Explain why a credit scoring model approved or denied a specific application. Identify the most influential features driving a churn prediction model globally. Compare feature importance between two model versions to validate that a retrained model uses sensible patterns.

Related Topics

Model interpretability, SHAP values, feature importance, explainable AI, Shapley values, model debugging, and ML fairness.

Important Notes

Requirements

SHAP Python package installed with numpy and matplotlib for visualization. A trained machine learning model compatible with SHAP explainer types. Training data or background dataset for computing baseline expected values and feature names for readable output.

Usage Recommendations

Do: use the explainer type matched to your model for accurate and fast computation.
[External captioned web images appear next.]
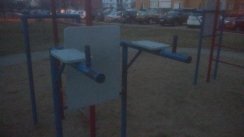 Площадка для воркаута в городе Минск №6280 Маленькая Современная фото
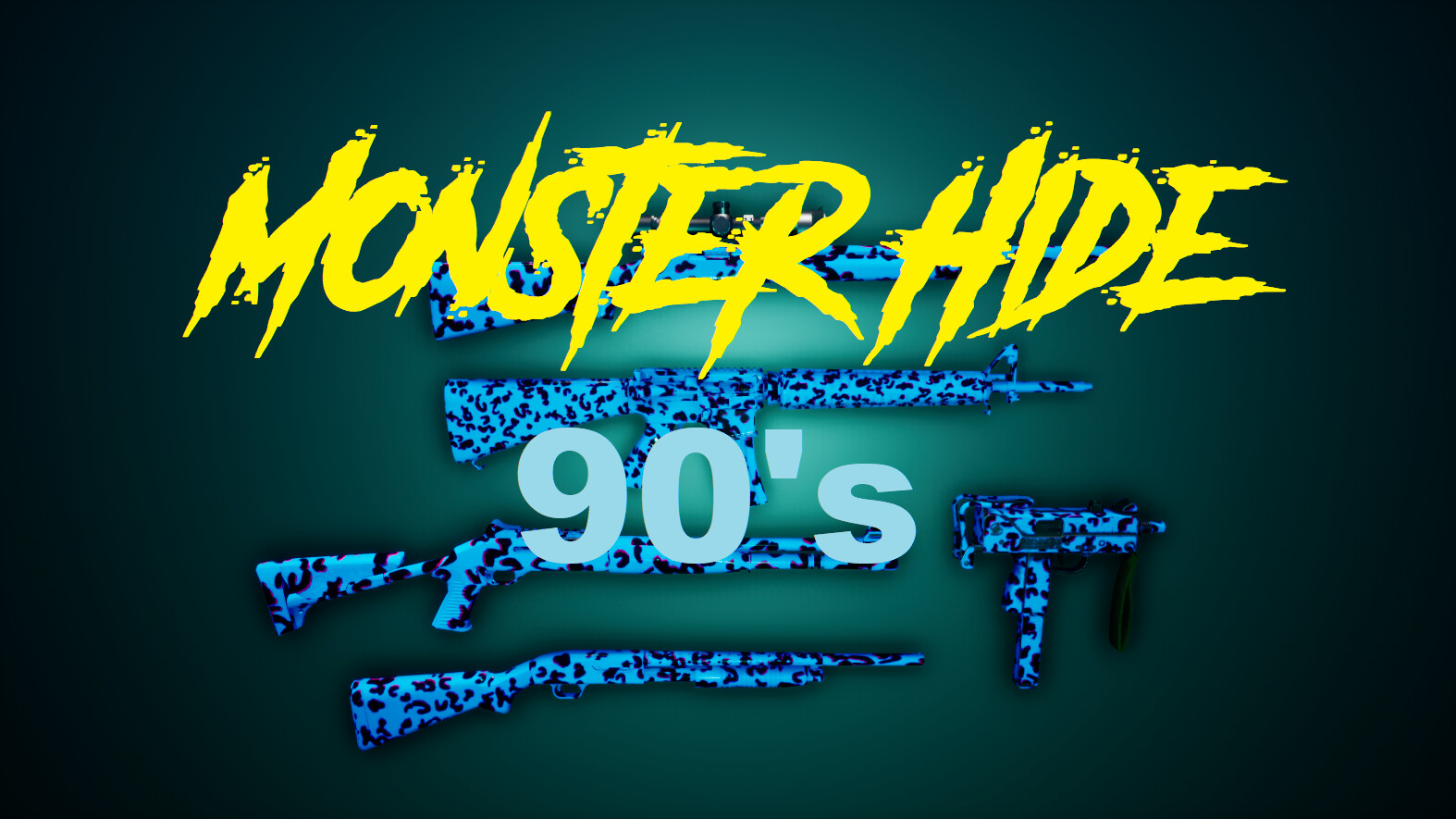 Monster hide - 90's screenshot 1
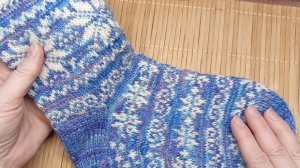 Моя носочная коробочка за 2025 год.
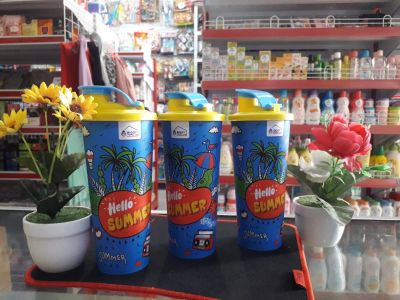 BOTOL MINUM KARAKTER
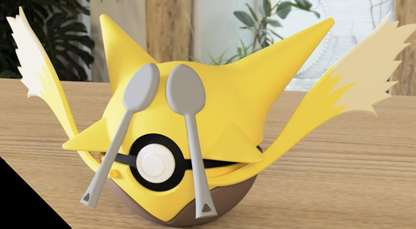 PokeArt Balls - 5x3inch (3D printed)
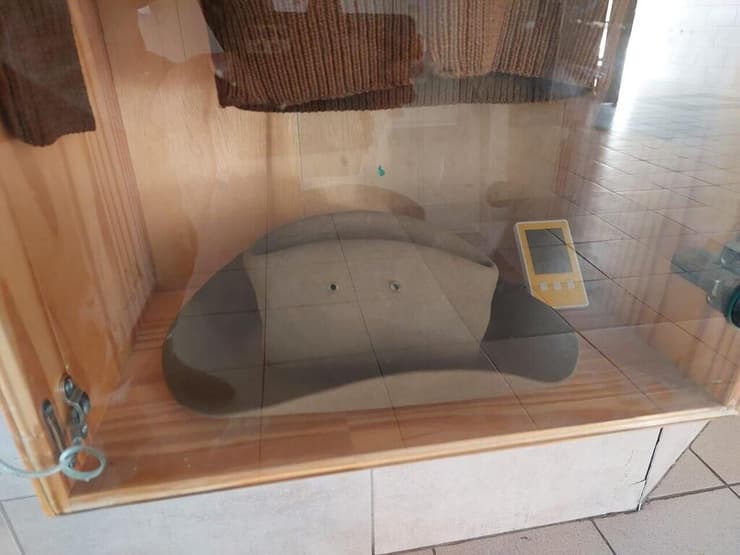 הכובע של משה (מוש) זילברשמידט, מפקד גוש עציון שנפל בתש"ח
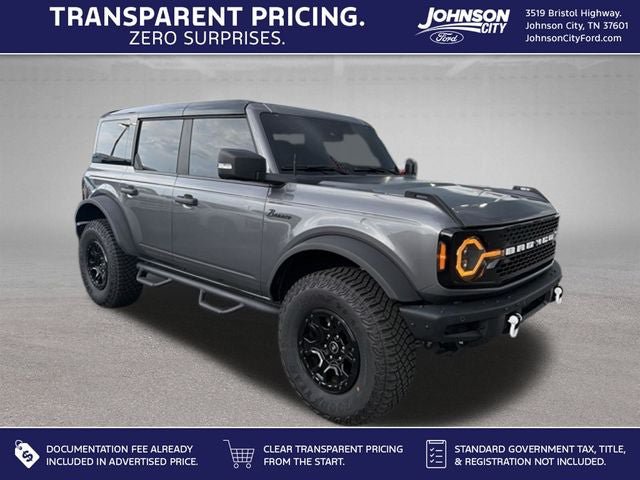 Certified 2024 Ford Bronco Wildtrak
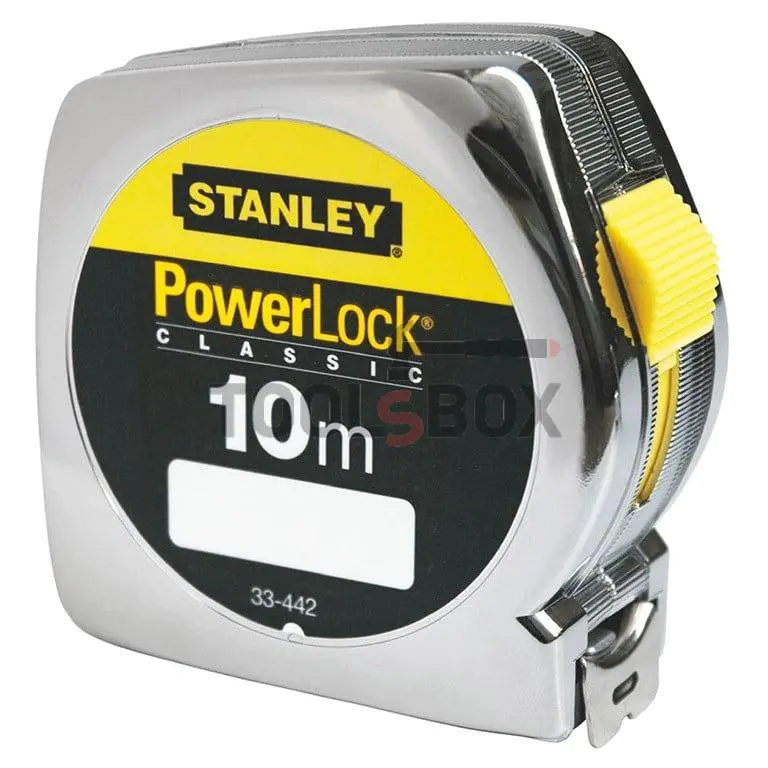 Ergonomic roller with chrome plated body STANLEY 1-33-442 10.0 m
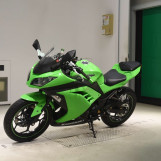 Мотоцикл Kawasaki NINJA250 с пробегом 9250 km с пробегом 9250 km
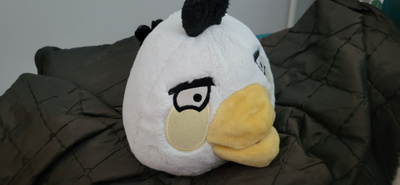Lintu pehmo Angry Birds 2009-2012 Rovio Entertainment Ltd.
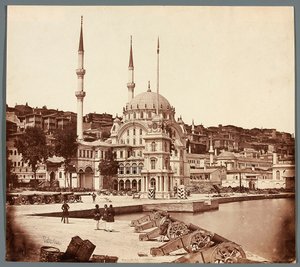 «Mesquita de Tophanna» [Istambul. Mesquita de Tophane]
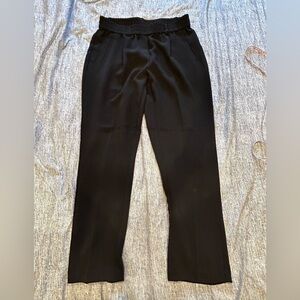 Karl Lagerfeld Elegant Black Women's Pants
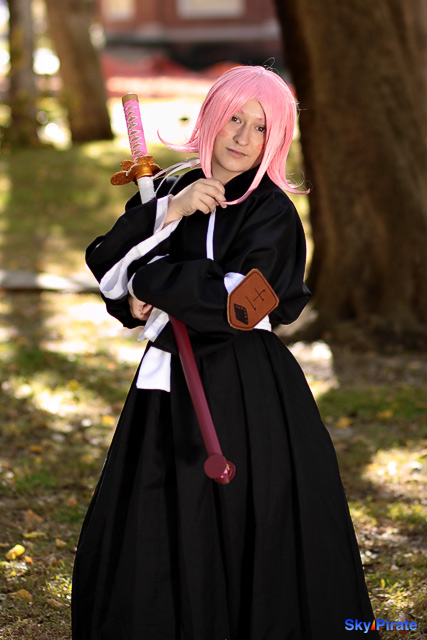 Yachiru in the gardens 5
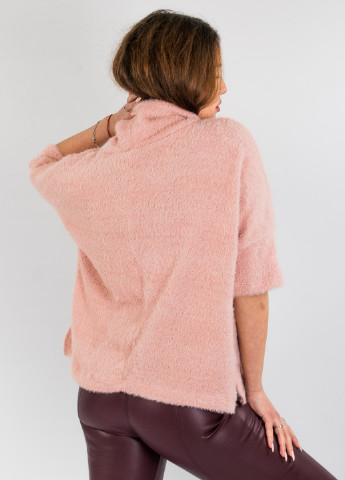 Рожевий демісезонний светр Bebe Plus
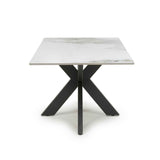 Ceramic Coffee Table 110cm Wide Rectangular - Tokyo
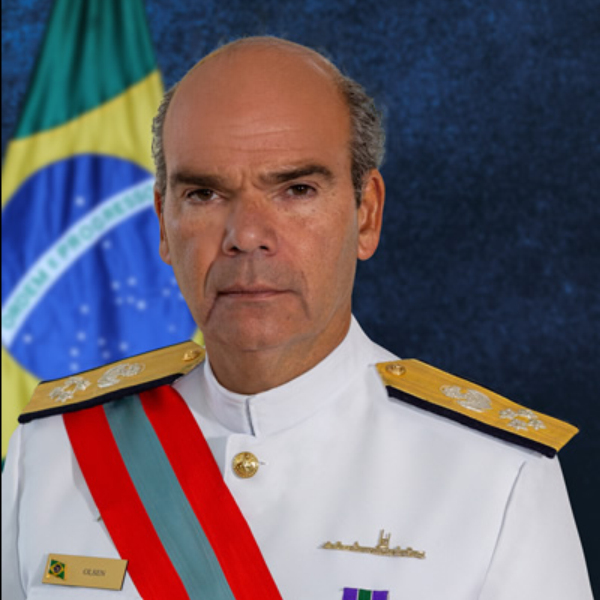 Boas Vindas - Alte Esq Marcos Sampaio Olsen - Comandante da Marinha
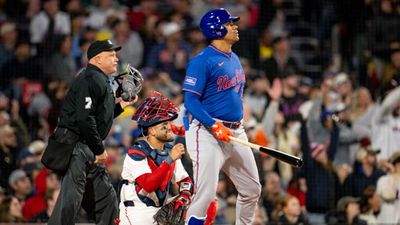 Juan Soto Insists He Was Hustling Despite Hitting Towering Single Off Green Monster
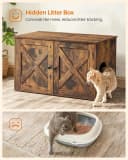 Cat Litter Box Enclosure — End Table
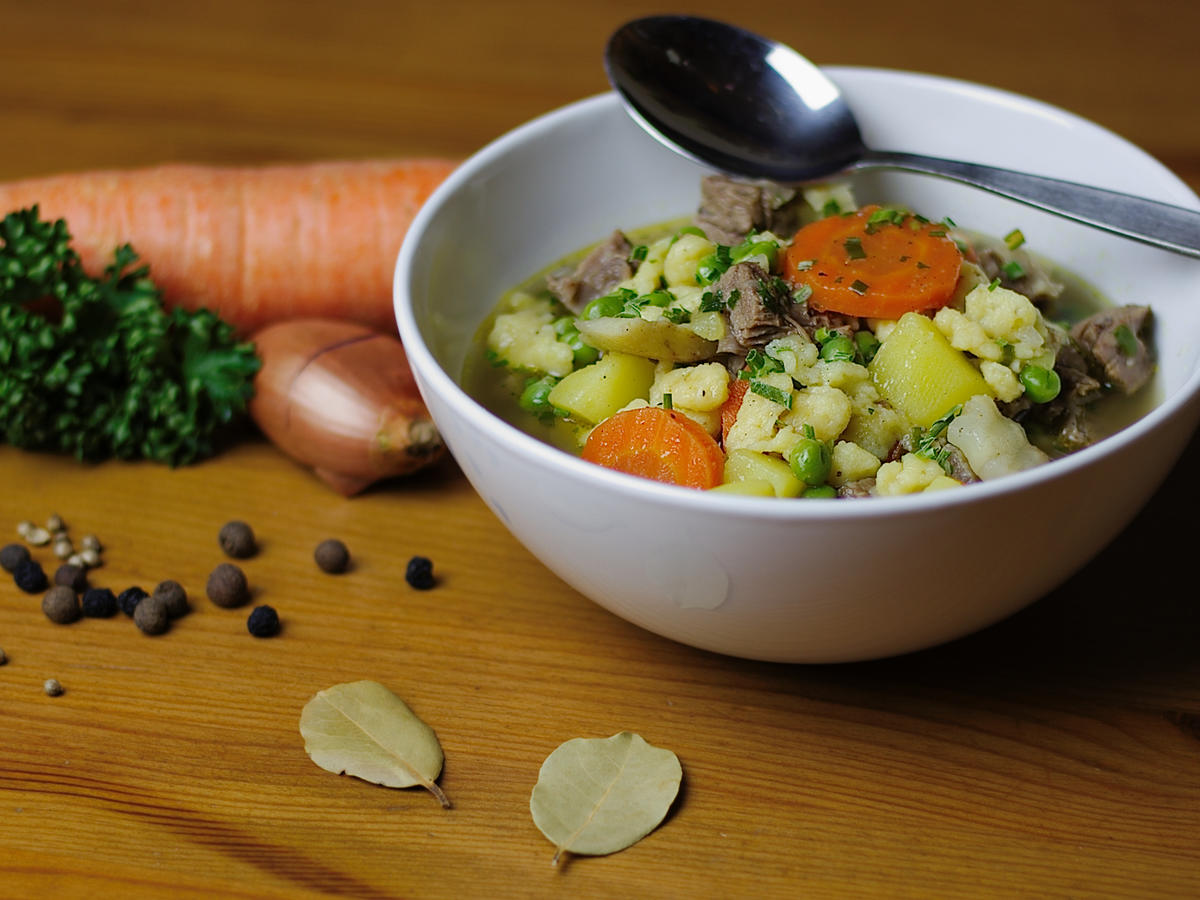 Spätzle Eintopf Art Gaisburger Marsch - einfach - von sTinsche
Visualize SHAP values with summary plots for global understanding and waterfall plots for individual predictions. Validate explanations against domain knowledge to catch model issues.

Don't: use KernelExplainer on large datasets without sampling since computation scales quadratically. Interpret SHAP values as causal effects since they measure prediction contribution rather than causation. Rely on SHAP alone for model validation without checking standard accuracy metrics.

Limitations

KernelExplainer is computationally expensive for high-dimensional data and large sample sizes. SHAP values explain model behavior but do not indicate whether the model is correct. Interaction values add significant computation time and may not be feasible for all model types.